# WHAT IS BEING ASKED
Would you reproduce the whole listing exactly, dropping any pictures it holds?

# PROVIDED MATERIAL
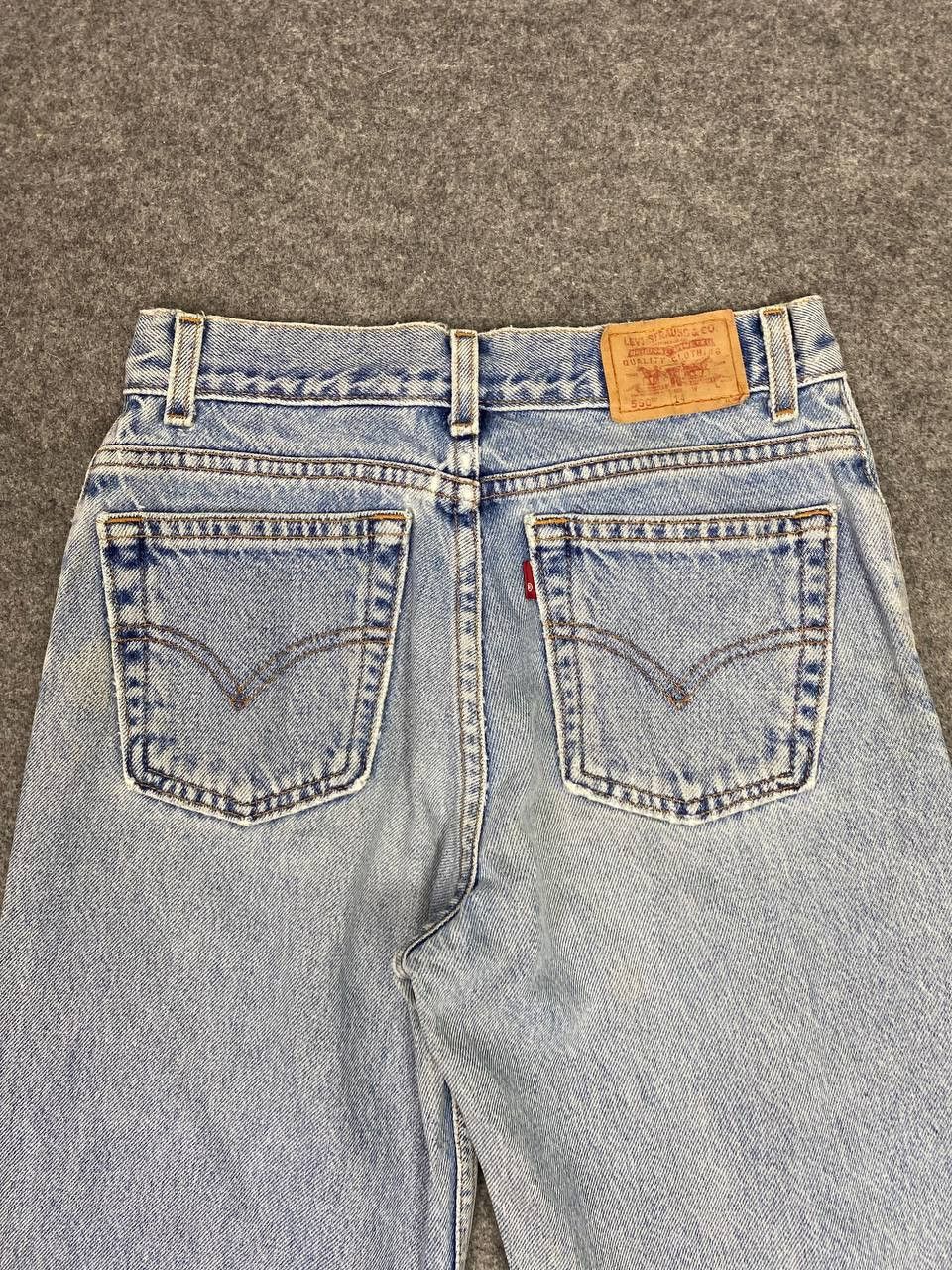 Levi's vintage levis 550 relaxed fit lightwash denim Size US 27 - 3 Thumbnail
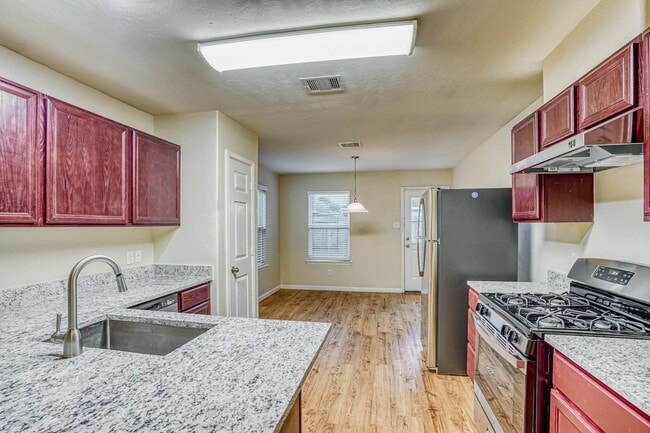 Building Photo - 18811 Dennington Dr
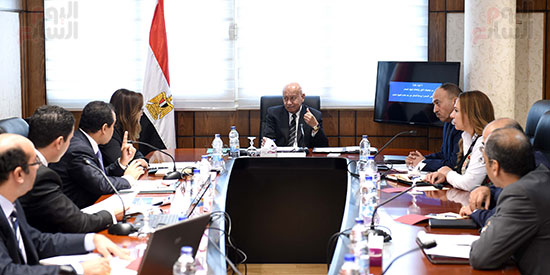 رئيس الوزراء يتابع خطوات نقل الوزارات والهيئات للعاصمة الإدارية الجديدة (3)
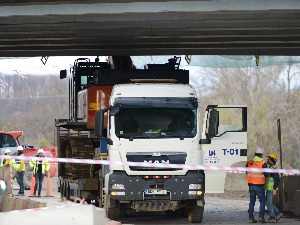 Багер оштетио надвожњак на траси Моравског коридора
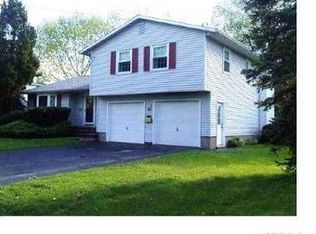 8 Jay Path, Liverpool, NY 13090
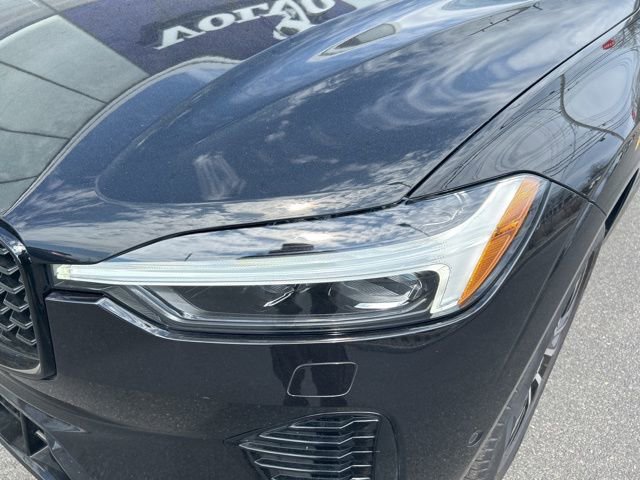 Certified 2025 Volvo XC60 B5 Plus image 8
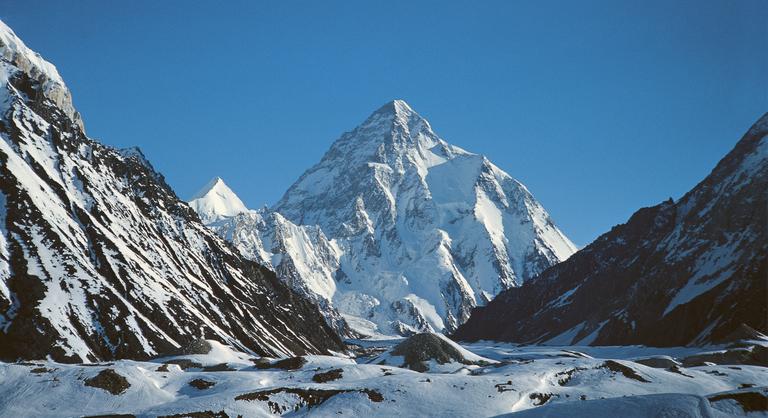 Lezuhant két tapasztalt hegymászó a „gyilkos hegy” meghódítása közben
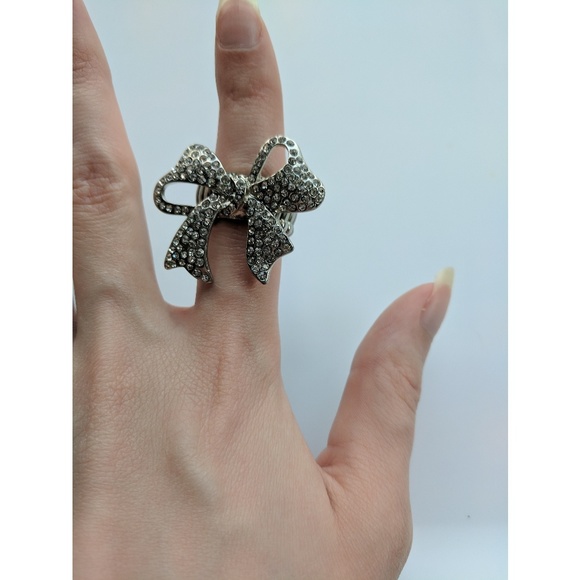 Bow Rhinestone Ring - Picture 3 of 3
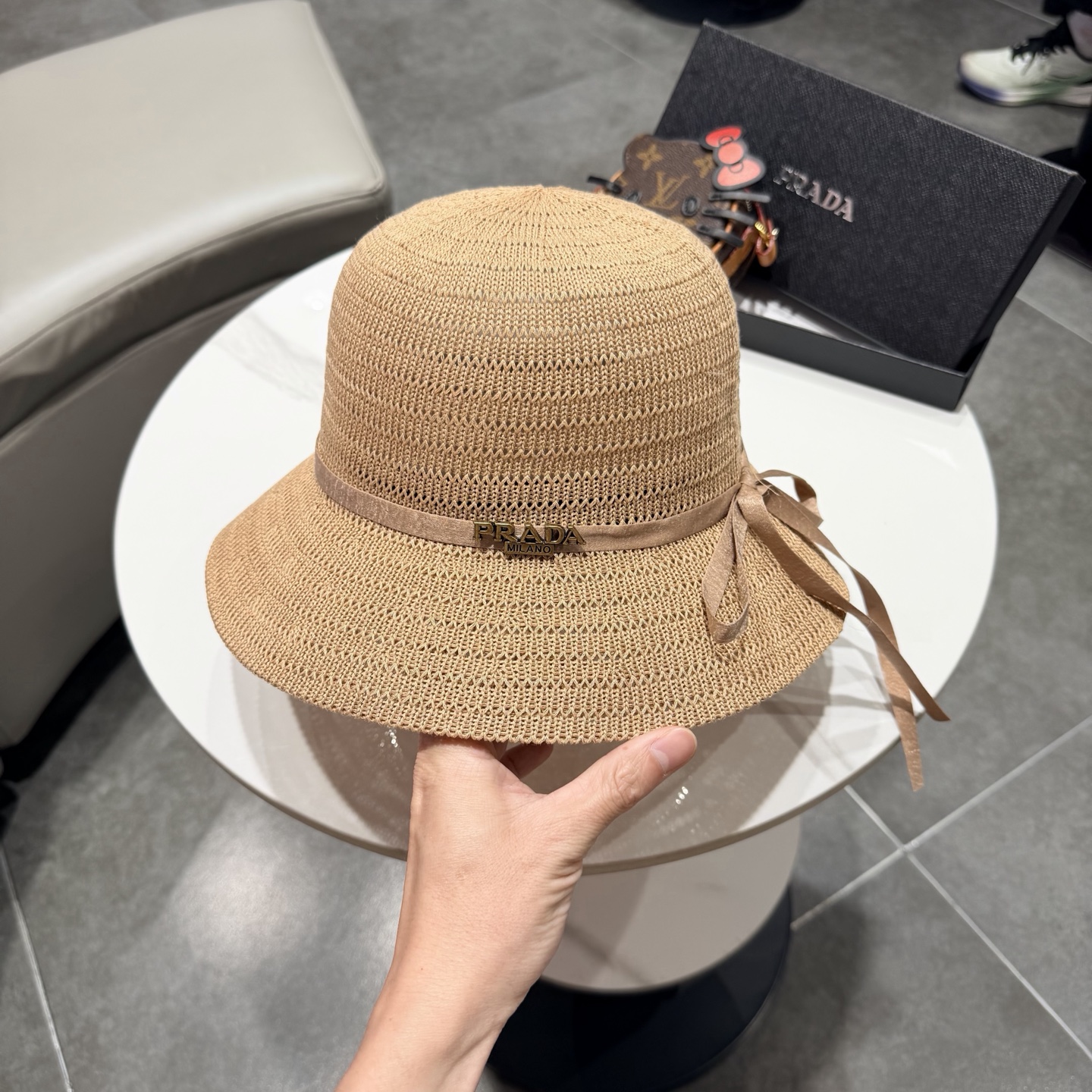 Prada2026新款针织渔夫帽独特设计～复古独特设计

# TASK RESULT
 Levi's vintage levis 550 relaxed fit lightwash denim Size US 27 - 3 Thumbnail
 Building Photo - 18811 Dennington Dr
 رئيس الوزراء يتابع خطوات نقل الوزارات والهيئات للعاصمة الإدارية الجديدة (3)
 Багер оштетио надвожњак на траси Моравског коридора
 8 Jay Path, Liverpool, NY 13090
 Certified 2025 Volvo XC60 B5 Plus image 8
 Lezuhant két tapasztalt hegymászó a „gyilkos hegy” meghódítása közben
 Bow Rhinestone Ring - Picture 3 of 3
 Prada2026新款针织渔夫帽独特设计～复古独特设计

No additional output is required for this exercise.